D'après cet expert français, la politique de l'enfant unique était initialement prévue pour une durée d'une trentaine d'années seulement, constituant ainsi une stratégie de développement temporaire destinée à s'adapter aux tendances économiques de l'époque. Or, face à une structure démographique aussi défavorable, la Chine n'a plus aucune raison de maintenir un contrôle aussi strict des naissances.

Le décalage entre la politique de l'enfant unique et la situation socio-économique actuelle de la Chine a fait l'objet de débats qui ont suscité une attention considérable de la part de l'opinion publique chinoise et internationale ces dernières années.

Sur le plan économique, les experts affirment que la politique de l'enfant unique, avec le vieillissement de la population qui en résulte, fera peser un fardeau énorme sur la prochaine génération de Chinois et aura également un impact négatif sur l'industrie d'exportation à bas coût de la Chine en raison de l'augmentation des coûts de main-d'œuvre.

D'un point de vue social, le déséquilibre entre les sexes à la naissance en Chine entraînera un déséquilibre de sa structure sociale au cours des prochaines décennies, avec des conséquences telles que la traite des êtres humains en provenance des pays voisins vers la Chine et une perturbation des valeurs familiales traditionnelles chinoises.

L'avortement constitue également un problème social majeur en Chine, car la politique de l'enfant unique accroît considérablement la pression pour avoir des fils dans les familles qui conservent des attitudes patriarcales.

Pour les démographes et les sociologues, un contrôle trop strict des taux de natalité équivaut à une ingérence excessive dans le noyau familial de la société, l'une des valeurs les plus cruciales des valeurs traditionnelles chinoises.

Liang Zhongtang, expert de l'Institut des sciences sociales de Shanghai, a partagé son point de vue personnel sur la politique démographique du pays :

« Il ne s’agit pas d’avoir un ou deux enfants, mais de dissocier la politique du concept de famille.

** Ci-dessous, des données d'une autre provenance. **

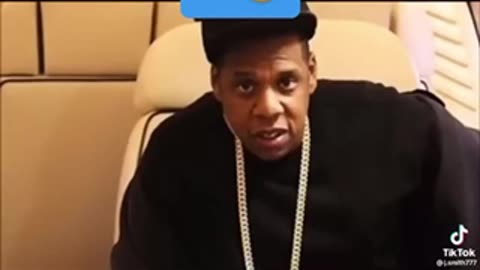 JAY-Z CAUGHT🙀 SHAPESHIFTING🙅🏿‍♂️ ON UNITED AIRLINES ✈️FLIGHT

Le nombre d’enfants est un choix des parents, et non une chose qui dépend de pressions extérieures. »

Paradoxalement, même après l'abolition de la politique de l'enfant unique, profondément ancrée dans la mentalité chinoise depuis près de 40 ans, le taux de natalité du pays ne devrait pas augmenter significativement dans l'immédiat. Selon une enquête menée par l'université Fudan de Shanghai en mars dernier, seulement 15 % des femmes de la ville la plus peuplée de Chine souhaitaient avoir deux enfants, tandis que 58 % invoquaient des difficultés financières pour justifier leur absence d'enfants ou le fait de n'en avoir qu'un seul.

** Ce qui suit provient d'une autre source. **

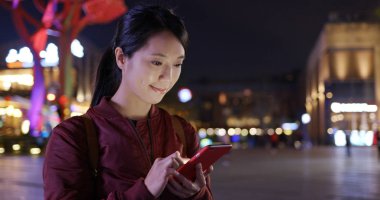 Kadın geceleri şehir cep telefonu üzerinde kontrol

En réalité, les infrastructures et les services sociaux (hôpitaux, écoles, etc.) actuels de la Chine sont insuffisants pour répondre aux besoins des familles nombreuses, et les coûts sont extrêmement élevés, obligeant les jeunes familles chinoises à bien réfléchir avant de décider d'avoir des enfants.

Par conséquent, même si la politique de l'enfant unique est abolie, les barrières idéologiques demeurent trop importantes pour que la Chine puisse restructurer sa population afin de répondre aux besoins de son développement futur. De plus, le gouvernement chinois a la responsabilité de moderniser les infrastructures et les services et de créer des mécanismes de soutien, plutôt que de simplement autoriser ou interdire les secondes naissances.